Since the mid-1980s, Rita McBride has, in her own words, “developed a conceptual, cross-disciplinary, intermedia, and feminist approach to art making that holds collaboration at its center”. She frequently works with architects, engineers, physicists, and other artists to produce works that simultaneously explore the relationships involved in their production and invite a variety of forms of participatory exchange. The exhibition Rita McBride: Arena momentum highlights the artist’s long-standing interest in architecture, design, and sculpture as they relate to the public sphere in forms such as commercial awnings, movement-guiding systems like barricades and fences, and seating structures.
This exhibition includes freestanding and wall-mounted artworks from the last two decades that reflect McBride’s ongoing fascination with how public infrastructures shape ways of looking. Guide rails (2020) comprises a modular system of white, wooden guiding-post and beam structures commonly found lining rural private roads and often associated with the famous Mulholland Drive in Los Angeles. However, the Guide Rails transcend particular locations, resembling an almost universal form used to mark divisions between public and private spaces. The freestanding elements extend through the gallery, informing the movement of visitors, in both speed and direction, and creating controlled sightlines and vantages. Guidance “barriers” (2017) similarly suggests the ubiquitous manipulations of urban public space 1. Guardrails (highway) (2023) is mounted on the wall at eye-level and painted in shades of blue and purple to give the illusion of an unlimited horizon line. For McBride, these works resent machine-age concepts of absolute speed and risk, bringing to mind automobile test tracks, where guardrails predetermine an itinerary that is repeated lap after lap. Meanwhile, Awning (Blue stand, city block blue) (2002) proposes a reading of the often-overlooked forms that inform our public spaces, rendering the familiar storefront awning as a moment of pause.
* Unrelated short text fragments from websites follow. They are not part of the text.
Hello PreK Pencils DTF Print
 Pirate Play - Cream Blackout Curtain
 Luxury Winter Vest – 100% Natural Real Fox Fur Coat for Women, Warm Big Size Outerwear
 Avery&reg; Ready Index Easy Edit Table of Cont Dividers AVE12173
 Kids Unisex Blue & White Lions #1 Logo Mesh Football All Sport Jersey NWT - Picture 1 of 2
The site-specifically reconfigured Neighbors (2002/2023) is from a body of work that brings the form of the air duct, typically tucked away by architecture, from the background to the foreground, calling attention to these vital systems of cause and effect. Dislocated from their typically hidden status and painted in Osha orange, the ventilation-like units come together to illustrate McBride’s interest in a characteristic concern of modernism—namely, the tension between form and functionality as it applies to our built environment. At the same time, many of these forms were originally designed following modern technological and industrial developments, such as the rise of the automobile necessitating ventilation systems to combat resulting air pollution. As McBride has written in connection with Charlotte Posenenske’s modular Series D (1967), which was recently on view in these galleries and also borrows shapes from ventilation units, “Ventilation ducts are like lungs, the essential life-giving mechanism of the body”.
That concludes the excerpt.